But the control board in its report emphasized that the city has much more power over its own fiscal destiny than Michael says, citing a number of recent policy decisions that have contributed to the budget mess.

The issues under fire include a January labor agreement with the city's largest municipal labor union to increase wages and benefits by 8.25%. The board also cited the addition of staff to the Department of Social Services and the Board of Education.

Each of these measures did not ultimately cause the fiscal 1993 budget to fall out of balance only because the city employed a series of one-shots to plug the hole caused by the increase in spending, the board said. Fiscal monitors criticize the use of one-shots because they revenues provide only temporary budget relief.

The report cited the city's method of refunding debt as a quick-fix solution that provides almost no long-term benefit. The city recently used $100 million in savings from refunding debt to help reduce its $2.1 billion fiscal 1994 gap.

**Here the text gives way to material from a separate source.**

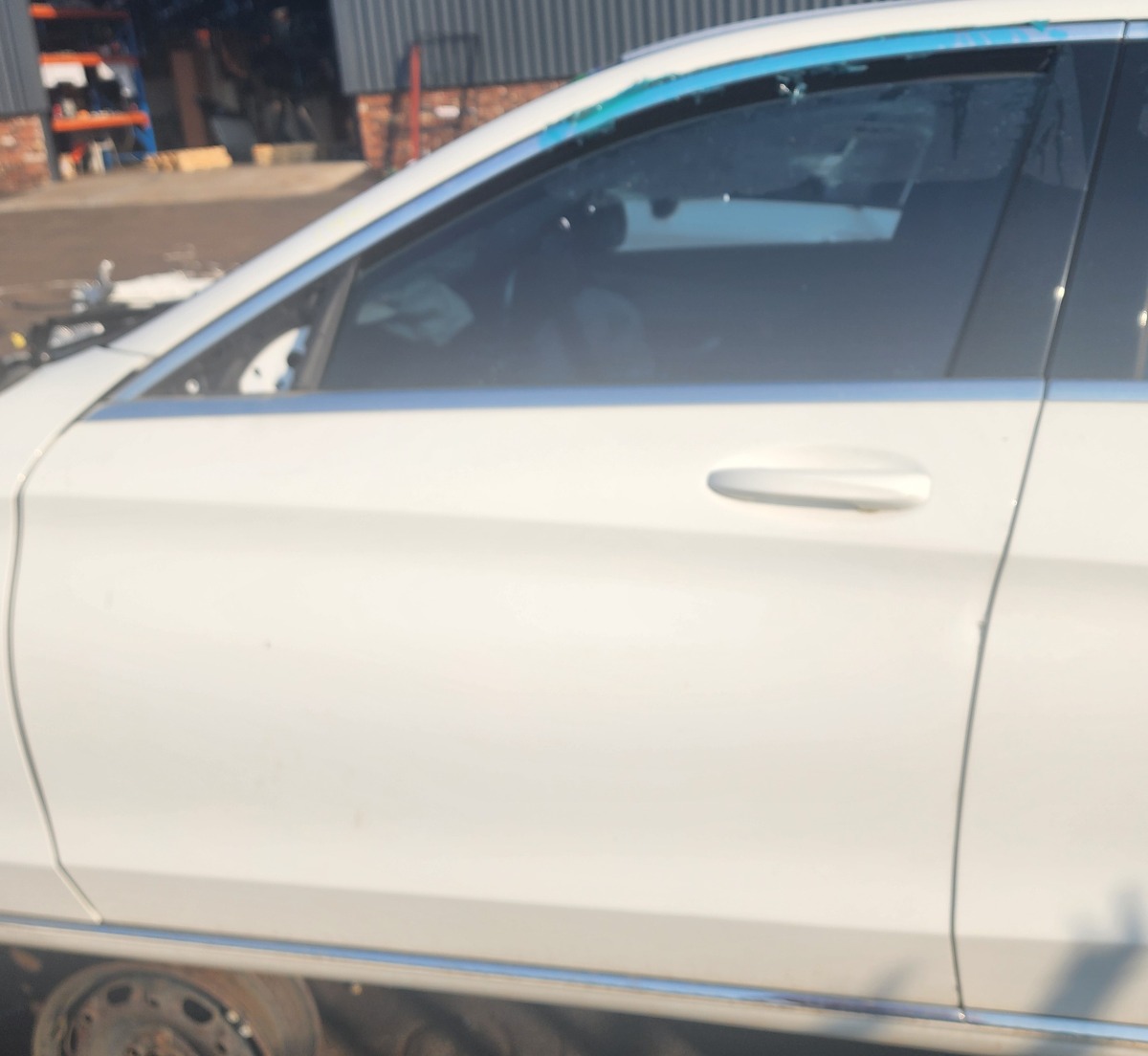 W205 LEFT FRONT DOOR (SHELL)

The report says the city, instead of reducing debt service costs for the life of its capital program, uses refundings to reschedule principal and interest payments. In this way, near-term budget gaps are closed by the millions of dollars of savings funneled into the city's current budget but principal and interest costs are increased in future years.

As a result, the report says, the city "has not truly addressed the underlying deficit, but rather has contributed to prolonged, permanent deficit."

"[One-shots] do little to contain future costs or to expand future revenues," the report says. The report says that if the city employed fewer one-shots to close gaps from fiscal 1991 through fiscal 1993, it would have faced an $800 million fiscal 1994 gap instead of a $2.1 billion gap.

While only monitoring finances now, the control board could take over day-to-day finances if the city ends the fiscal year with a deficit of $100 million or more. City officials have said they would make whatever cuts are necessary to avoid a control board takeover.